▸ What is needed:
Your answer should hold only the lines from the start of the data below through the line with "14K White Gold", copied exactly, with pictures left out.

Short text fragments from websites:
►

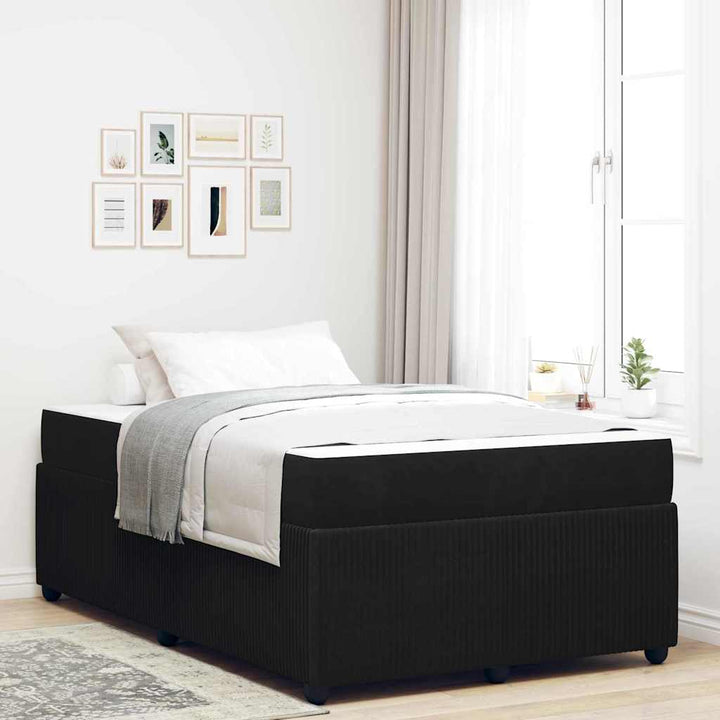 Sengestel med madras Sort 120 x 190 cm Stof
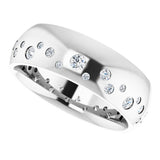 14K White Gold 3/8 CTW Natural Diamond Band Size 6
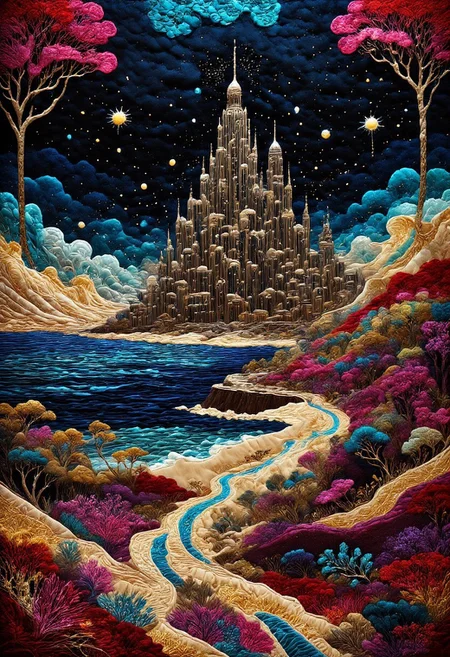 A serene beach scene unfolds under a vibrant starry night sky, with deep blues and purples contrasting against the bold and striking gold and red hues that dominate the landscape. In the distance, a futuristic city rises on the horizon, its towering skyscrapers gleaming with bold gold and red neon lights that reflect off the calm ocean waters. The beach itself is bathed in a soft, warm glow, with the golden sands blending seamlessly into the red-tinted waves. The scene is a dynamic fusion of nature and futuristic architecture, where the bold colors create a dramatic and captivating atmosphere. by Summera. The artwork combines elements of realism and bold color design, with sharp, contrasting tones that emphasize the vibrant palette. The futuristic city stands in stark contrast to the natural beauty of the beach, creating a visually striking composition. The lighting is dramatic, with the intense glow of the city lights casting bold shadows and highlights across the scene, enhancing the contrast between the natural and man-made elements.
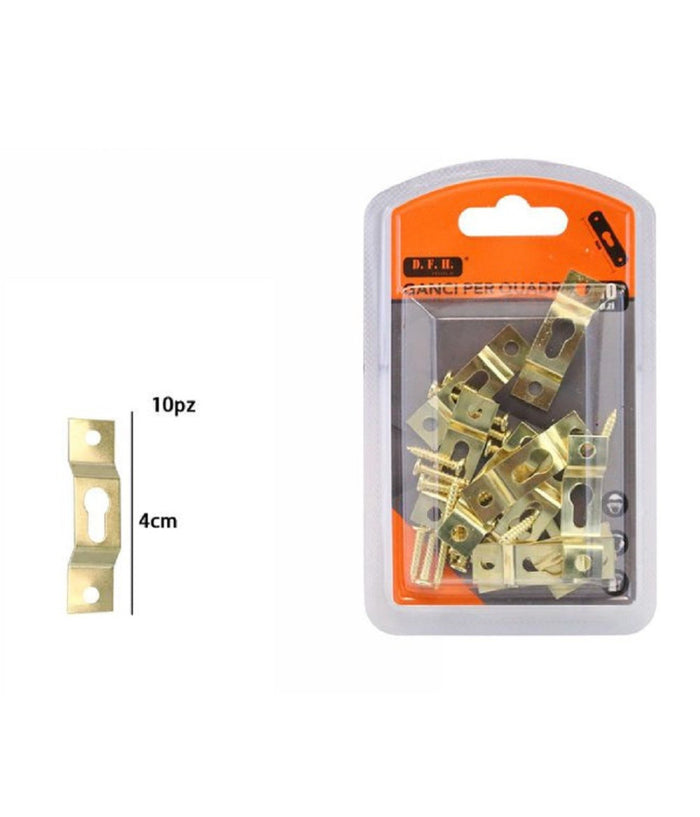 Set 10 Pezzi Ganci Dorati Per Quadri Quadro Cornici Appendere Parete 4 Cm 07519         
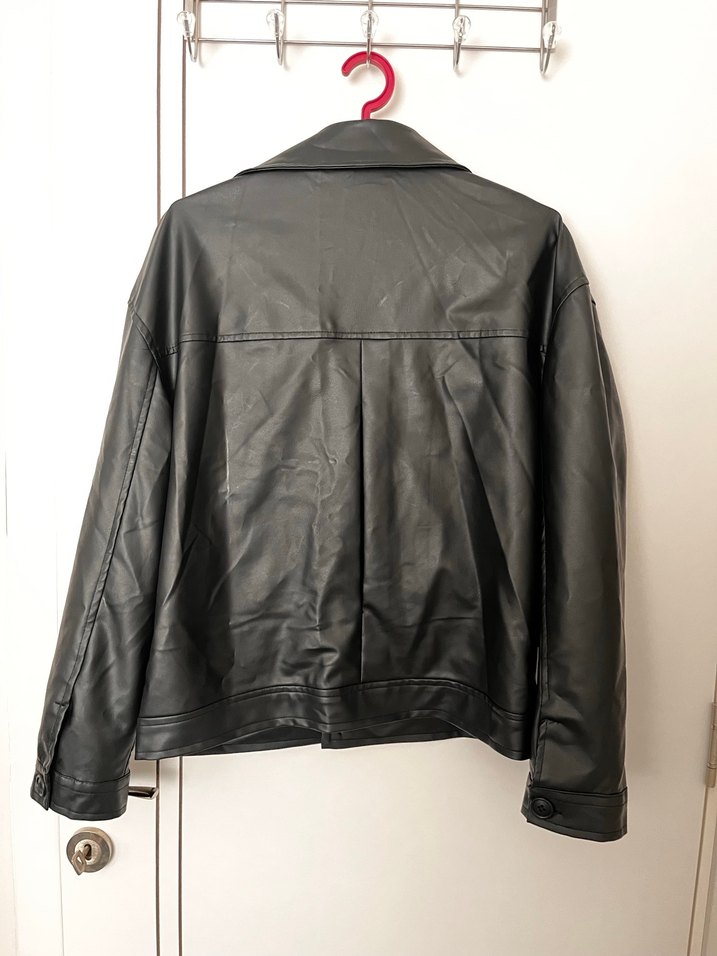 Düğmeli Siyah Deri ceket erkek - Görsel 2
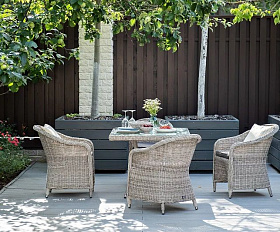 Обеденная группа Фредо 4SIS из искусственного ротанга, цвет бежевый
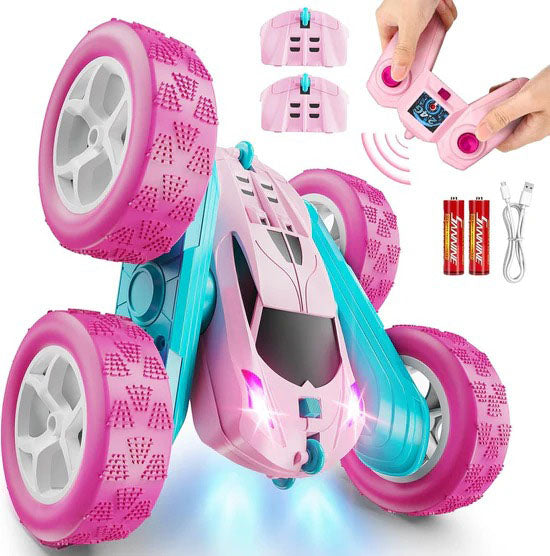2.4GHz RC Stunt Cars Toys for Kids Pink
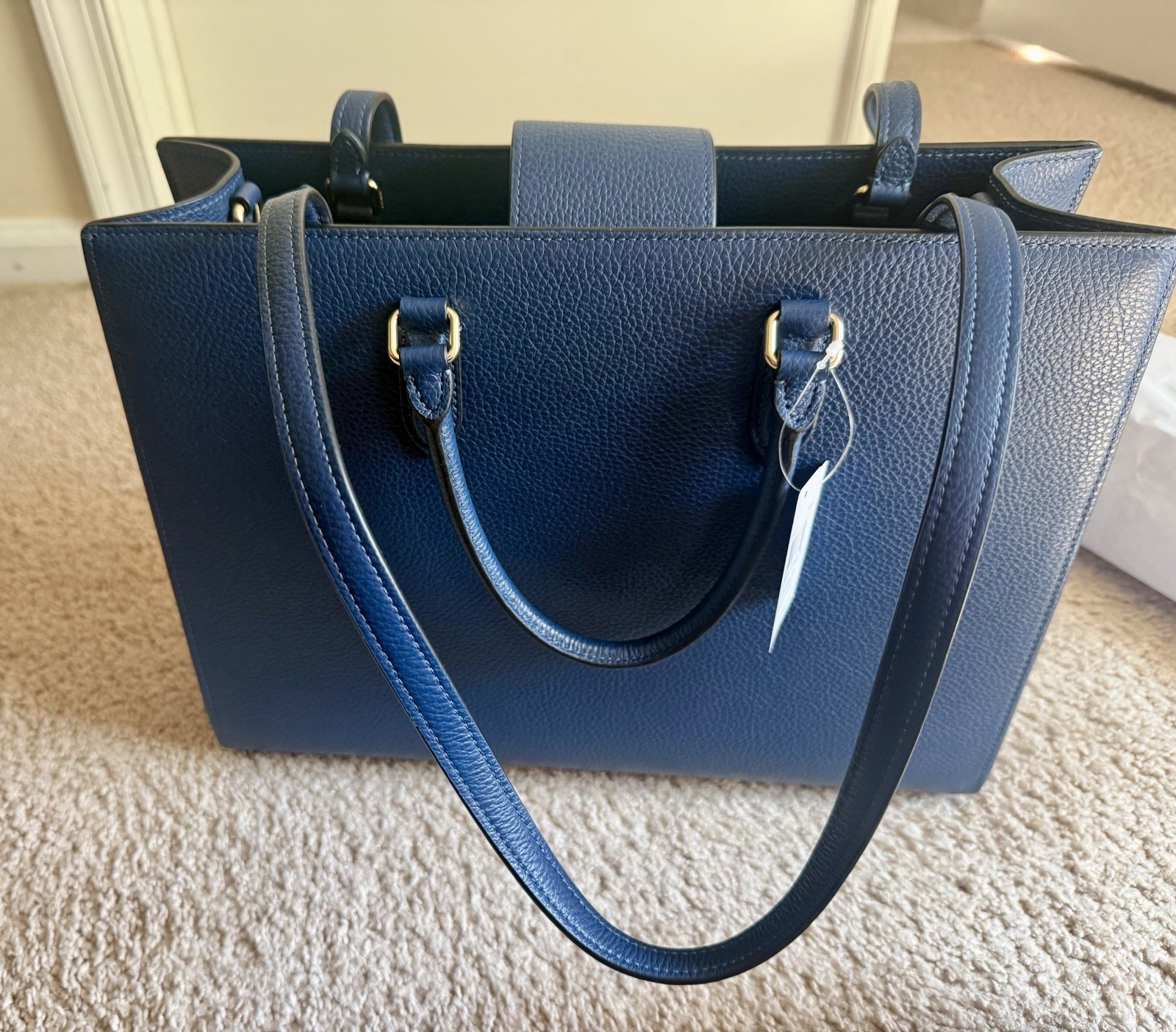 NWT Coach Maggie Tote Bag Refined pebble leather CY666 Gold/Deep Blue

◄

▸ Exercise result:
 Sengestel med madras Sort 120 x 190 cm Stof
 14K White Gold 3/8 CTW Natural Diamond Band Size 6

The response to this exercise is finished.